▸ **TASK REQUIREMENTS**: Copy each of the records exactly.

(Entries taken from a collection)
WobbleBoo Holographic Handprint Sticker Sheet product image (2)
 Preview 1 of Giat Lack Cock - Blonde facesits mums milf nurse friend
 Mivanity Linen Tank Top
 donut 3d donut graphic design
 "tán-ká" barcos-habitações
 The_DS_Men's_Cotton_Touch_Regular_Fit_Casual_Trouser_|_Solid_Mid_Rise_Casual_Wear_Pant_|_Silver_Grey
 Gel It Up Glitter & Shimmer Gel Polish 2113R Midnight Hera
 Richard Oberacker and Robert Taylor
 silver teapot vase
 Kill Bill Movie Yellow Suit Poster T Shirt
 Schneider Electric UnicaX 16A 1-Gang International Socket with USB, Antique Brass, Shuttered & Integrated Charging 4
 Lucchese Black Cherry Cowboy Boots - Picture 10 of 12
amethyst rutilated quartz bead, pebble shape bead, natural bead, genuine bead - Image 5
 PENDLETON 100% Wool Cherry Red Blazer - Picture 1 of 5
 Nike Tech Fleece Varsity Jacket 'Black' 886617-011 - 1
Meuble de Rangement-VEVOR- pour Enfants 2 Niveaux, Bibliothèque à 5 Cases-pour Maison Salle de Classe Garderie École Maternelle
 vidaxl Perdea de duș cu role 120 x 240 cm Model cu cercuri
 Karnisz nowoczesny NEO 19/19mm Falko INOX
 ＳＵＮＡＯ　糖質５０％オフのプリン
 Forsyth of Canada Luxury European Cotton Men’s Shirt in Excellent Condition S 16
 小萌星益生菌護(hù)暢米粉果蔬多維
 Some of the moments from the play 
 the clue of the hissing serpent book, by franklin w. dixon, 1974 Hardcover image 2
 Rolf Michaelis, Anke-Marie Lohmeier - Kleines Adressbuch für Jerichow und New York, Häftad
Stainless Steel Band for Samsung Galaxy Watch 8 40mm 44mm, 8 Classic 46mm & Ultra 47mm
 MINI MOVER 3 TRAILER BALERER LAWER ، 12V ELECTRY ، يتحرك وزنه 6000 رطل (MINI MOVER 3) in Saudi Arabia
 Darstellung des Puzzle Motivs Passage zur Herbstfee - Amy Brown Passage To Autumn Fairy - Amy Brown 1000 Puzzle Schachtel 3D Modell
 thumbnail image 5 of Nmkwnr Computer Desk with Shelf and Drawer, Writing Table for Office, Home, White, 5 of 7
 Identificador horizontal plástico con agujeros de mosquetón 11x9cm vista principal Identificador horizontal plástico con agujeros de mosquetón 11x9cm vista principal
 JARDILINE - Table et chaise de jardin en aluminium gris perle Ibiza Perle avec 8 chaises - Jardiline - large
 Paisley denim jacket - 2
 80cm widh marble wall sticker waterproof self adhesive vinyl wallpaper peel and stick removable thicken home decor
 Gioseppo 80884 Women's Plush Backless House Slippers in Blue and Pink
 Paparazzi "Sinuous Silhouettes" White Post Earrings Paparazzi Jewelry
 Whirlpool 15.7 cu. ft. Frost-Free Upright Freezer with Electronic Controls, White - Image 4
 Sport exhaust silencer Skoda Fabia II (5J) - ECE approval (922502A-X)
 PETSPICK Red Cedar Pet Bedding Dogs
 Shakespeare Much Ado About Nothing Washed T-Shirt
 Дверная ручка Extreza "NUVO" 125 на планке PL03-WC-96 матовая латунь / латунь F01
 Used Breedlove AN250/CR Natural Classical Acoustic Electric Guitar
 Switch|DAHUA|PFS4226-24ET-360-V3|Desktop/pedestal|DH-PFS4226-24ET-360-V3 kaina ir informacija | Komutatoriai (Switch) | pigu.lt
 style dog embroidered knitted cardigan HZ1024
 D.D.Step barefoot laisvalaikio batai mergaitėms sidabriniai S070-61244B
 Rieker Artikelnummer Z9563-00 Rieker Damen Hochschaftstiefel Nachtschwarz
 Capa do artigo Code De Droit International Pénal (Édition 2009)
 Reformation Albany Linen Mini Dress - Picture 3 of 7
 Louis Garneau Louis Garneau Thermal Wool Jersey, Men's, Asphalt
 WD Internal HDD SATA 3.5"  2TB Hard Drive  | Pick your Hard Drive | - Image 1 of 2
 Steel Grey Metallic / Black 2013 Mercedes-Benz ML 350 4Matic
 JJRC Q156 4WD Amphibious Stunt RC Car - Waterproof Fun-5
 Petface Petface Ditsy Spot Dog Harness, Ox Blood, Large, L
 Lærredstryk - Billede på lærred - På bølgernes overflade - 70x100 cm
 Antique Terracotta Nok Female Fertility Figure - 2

▸ **REPLY TO THE TASK**:
WobbleBoo Holographic Handprint Sticker Sheet product image (2)
 Preview 1 of Giat Lack Cock - Blonde facesits mums milf nurse friend
 Mivanity Linen Tank Top
 donut 3d donut graphic design
 "tán-ká" barcos-habitações
 The_DS_Men's_Cotton_Touch_Regular_Fit_Casual_Trouser_|_Solid_Mid_Rise_Casual_Wear_Pant_|_Silver_Grey
 Gel It Up Glitter & Shimmer Gel Polish 2113R Midnight Hera
 Richard Oberacker and Robert Taylor
 silver teapot vase
 Kill Bill Movie Yellow Suit Poster T Shirt
 Schneider Electric UnicaX 16A 1-Gang International Socket with USB, Antique Brass, Shuttered & Integrated Charging 4
 Lucchese Black Cherry Cowboy Boots - Picture 10 of 12
amethyst rutilated quartz bead, pebble shape bead, natural bead, genuine bead - Image 5
 PENDLETON 100% Wool Cherry Red Blazer - Picture 1 of 5
 Nike Tech Fleece Varsity Jacket 'Black' 886617-011 - 1
Meuble de Rangement-VEVOR- pour Enfants 2 Niveaux, Bibliothèque à 5 Cases-pour Maison Salle de Classe Garderie École Maternelle
 vidaxl Perdea de duș cu role 120 x 240 cm Model cu cercuri
 Karnisz nowoczesny NEO 19/19mm Falko INOX
 ＳＵＮＡＯ　糖質５０％オフのプリン
 Forsyth of Canada Luxury European Cotton Men’s Shirt in Excellent Condition S 16
 小萌星益生菌護(hù)暢米粉果蔬多維
 Some of the moments from the play 
 the clue of the hissing serpent book, by franklin w. dixon, 1974 Hardcover image 2
 Rolf Michaelis, Anke-Marie Lohmeier - Kleines Adressbuch für Jerichow und New York, Häftad
Stainless Steel Band for Samsung Galaxy Watch 8 40mm 44mm, 8 Classic 46mm & Ultra 47mm
 MINI MOVER 3 TRAILER BALERER LAWER ، 12V ELECTRY ، يتحرك وزنه 6000 رطل (MINI MOVER 3) in Saudi Arabia
 Darstellung des Puzzle Motivs Passage zur Herbstfee - Amy Brown Passage To Autumn Fairy - Amy Brown 1000 Puzzle Schachtel 3D Modell
 thumbnail image 5 of Nmkwnr Computer Desk with Shelf and Drawer, Writing Table for Office, Home, White, 5 of 7
 Identificador horizontal plástico con agujeros de mosquetón 11x9cm vista principal Identificador horizontal plástico con agujeros de mosquetón 11x9cm vista principal
 JARDILINE - Table et chaise de jardin en aluminium gris perle Ibiza Perle avec 8 chaises - Jardiline - large
 Paisley denim jacket - 2
 80cm widh marble wall sticker waterproof self adhesive vinyl wallpaper peel and stick removable thicken home decor
 Gioseppo 80884 Women's Plush Backless House Slippers in Blue and Pink
 Paparazzi "Sinuous Silhouettes" White Post Earrings Paparazzi Jewelry
 Whirlpool 15.7 cu. ft. Frost-Free Upright Freezer with Electronic Controls, White - Image 4
 Sport exhaust silencer Skoda Fabia II (5J) - ECE approval (922502A-X)
 PETSPICK Red Cedar Pet Bedding Dogs
 Shakespeare Much Ado About Nothing Washed T-Shirt
 Дверная ручка Extreza "NUVO" 125 на планке PL03-WC-96 матовая латунь / латунь F01
 Used Breedlove AN250/CR Natural Classical Acoustic Electric Guitar
 Switch|DAHUA|PFS4226-24ET-360-V3|Desktop/pedestal|DH-PFS4226-24ET-360-V3 kaina ir informacija | Komutatoriai (Switch) | pigu.lt
 style dog embroidered knitted cardigan HZ1024
 D.D.Step barefoot laisvalaikio batai mergaitėms sidabriniai S070-61244B
 Rieker Artikelnummer Z9563-00 Rieker Damen Hochschaftstiefel Nachtschwarz
 Capa do artigo Code De Droit International Pénal (Édition 2009)
 Reformation Albany Linen Mini Dress - Picture 3 of 7
 Louis Garneau Louis Garneau Thermal Wool Jersey, Men's, Asphalt
 WD Internal HDD SATA 3.5"  2TB Hard Drive  | Pick your Hard Drive | - Image 1 of 2
 Steel Grey Metallic / Black 2013 Mercedes-Benz ML 350 4Matic
 JJRC Q156 4WD Amphibious Stunt RC Car - Waterproof Fun-5
 Petface Petface Ditsy Spot Dog Harness, Ox Blood, Large, L
 Lærredstryk - Billede på lærred - På bølgernes overflade - 70x100 cm
 Antique Terracotta Nok Female Fertility Figure - 2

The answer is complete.